I came across a shack in near distance in which maybe six or seven older Black women were standing and working. They were shelling crabs. They were on their feet. They were in an shack. With no A/C, no heat, no nothing. In the heat and in the cold. With the smell of crab meat and crab shells and decay all around. I’d shelled a crab or two in my life and knew how the shells can cut one’s skin. I watched these women from a distance, overcome by the limited options in their world, grateful for all I’d been given.
Yes, people can escape poor upbringings and move out, hopefully to make a better life, and people do. But not everyone does or can–or wants to. Maybe they want to be near family. Maybe Life happened and they got older and never left when they were younger and were more full of hope. I don’t know. I just know I watched these women, shelling these crabs, and I wondered how many hours a day, over how many months and years of their lives they would do this work. I knew they were paid a pittance. Piecemeal, most likely. Probably by the pound. Had they been men and been slinging tools and lifting heavy things, they’d have been paid a lot more, but this was the late ’70s, and these were poor older Black women living in a rural eastern shore community.
The older Black folk working in the dining hall kitchen felt similar to me. My assumption is they were paid full-time salaries from the university and had reasonable benefits, as was more common in the early ’80s, but that’s an assumption. What I knew, fairly confidently, was they likely weren’t escaping this drudgery and moving on and up any time soon, and the juxtaposition of the work-study, going-to-college-to-improve-their-lives workforce next to the “lifers” gave me pause and made me grateful.
We didn’t interact much with the older Black folk.
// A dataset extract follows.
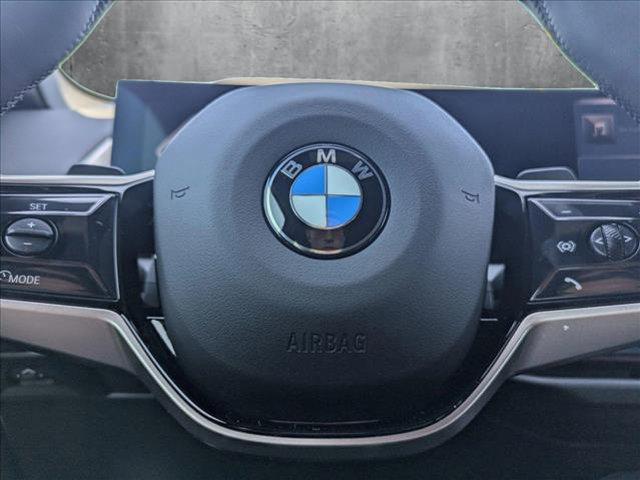 new 2025 BMW X3 car, priced at $56,110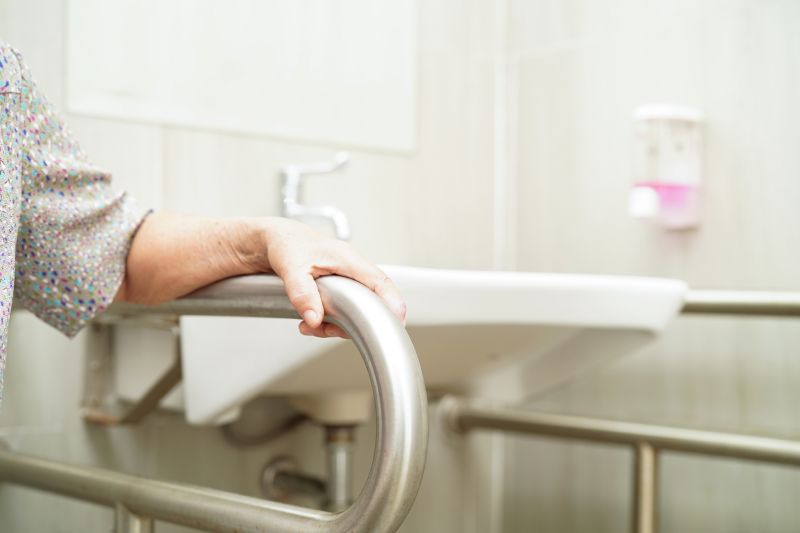 Grab Bar Installation Costs — Cost of Grab Bar Installation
They focused more on the food prep and BOH kitchen work, and students did more of the table clearing, plate cleaning and dishwashing, but there was this one older Black man who worked on “our side” and cleaned many of the mega-ultra-large mixers and bowls. He was old. Or maybe he was just really worn and old-looking. He joked with us. Laughed. Was jovial But was also very worn-looking and heavy with exhaustion.
I think it’s good to have crap jobs–jobs that show you where you don’t want to land. I think such crap jobs are particularly valuable when one is young and in school or apprenticing, as they provide a concrete example of what you probably don’t want in life.
I knew–from the moment I started my work-study job in the dining hall–it was a temporary job. I knew I was working at the dining hall because I was attending university at that school, so I could learn and advance myself and my future job and career opportunities. I had choice. I had options. I had a future beyond the dining hall of UMCP. For the full-time older workers there, not so much.
There are many things one can learn at a job and at a school, and they don’t all happen in the classroom. I learned a lot in my first on-campus dining hall job. The kind of learning an education can’t buy.